Potato and Bacon Omelet
Ingredients
6 medium Yukon gold potatoes, peeled | ||
8 large eggs | ||
5 strips bacon, cooked slightly crispy and crumbled | ||
1 large red onion, sliced thinly | ||
1/2 green bell pepper, finely minced | ||
1/2 red, yellow or orange bell pepper, finely minced | ||
3 cloves garlic, finely minced | ||
4 tbs fresh parsley, chopped | ||
2 tsp red pepper flakes | ||
kosher salt and black pepper to taste |
This Omelet contains Yukon gold potatoes, crispy bacon, red and green bell pepper and red onion.
- Add potatoes to a large sauce pan and cover with cold water.
- Cover pan and bring to a boil. Once water is boiling remove cover and boil for about 8-10 minutes or until potatoes are fork tender. Set aside to cool.
- In a cast iron skillet add the bacon and cook using medium heat until slightly crispy. Drain on paper towels, then cut into 1/2 inch pieces.
- Drain some of the bacon fat from the pan and add the onions and gently cook until slightly caramelized. About 5 minutes.
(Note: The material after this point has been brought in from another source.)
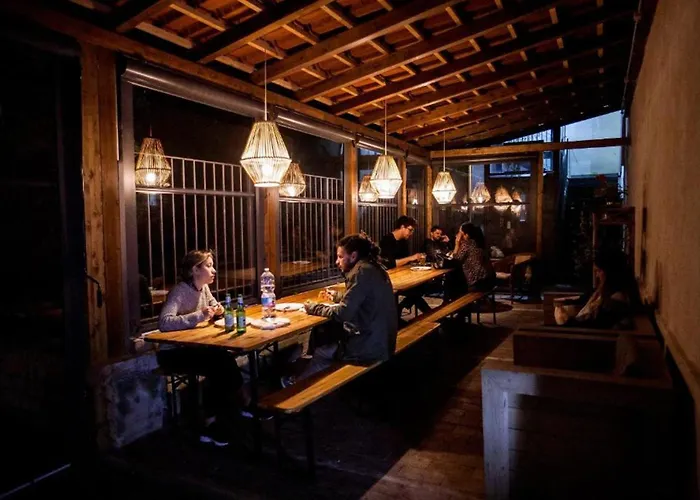 La Controra Nápoles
- Add the garlic and bell pepper and saute for another 3 minutes or so. Add the red pepper flakes
- Slice the potatoes into thin rounds.
- Beat the eggs, then pour half of them into the skillet, then add the potatoes and sprinkle the bacon over evenly.
- Season with salt and pepper.
- Pour in the rest of the eggs, the garnish with parsley.
- Cover the skillet and place in a preheated 350 degree oven for about 15-20 minutes or until the eggs are set.
- Cut into wedges to serve.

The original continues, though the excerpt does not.